» RECORD EXTRACTS:
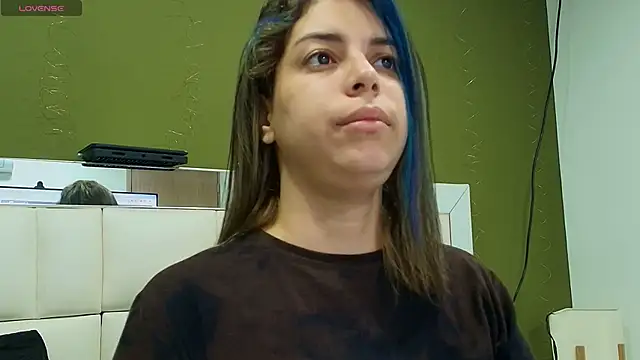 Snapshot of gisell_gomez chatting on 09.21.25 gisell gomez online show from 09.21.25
==
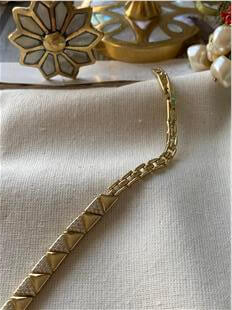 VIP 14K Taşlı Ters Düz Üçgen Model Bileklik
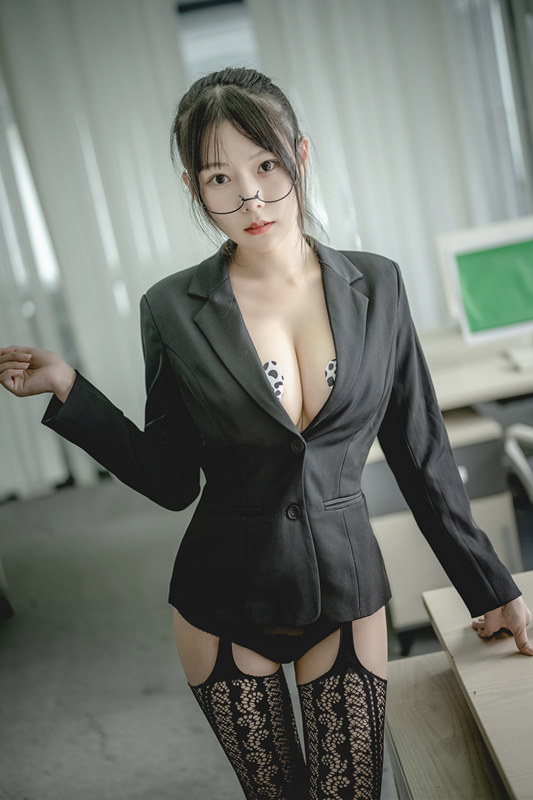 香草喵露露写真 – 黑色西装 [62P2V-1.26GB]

» TASK TO COMPLETE: Using the entries above, repeat exactly the lines from the one with "VIP 14K Taşlı Ters Düz Üçgen Model Bileklik" to the one with "香草喵露露写真 – 黑色西装 [62P2V-1.26GB]", both included, and leave the pictures behind.

» THE ANSWER:
 VIP 14K Taşlı Ters Düz Üçgen Model Bileklik
 香草喵露露写真 – 黑色西装 [62P2V-1.26GB]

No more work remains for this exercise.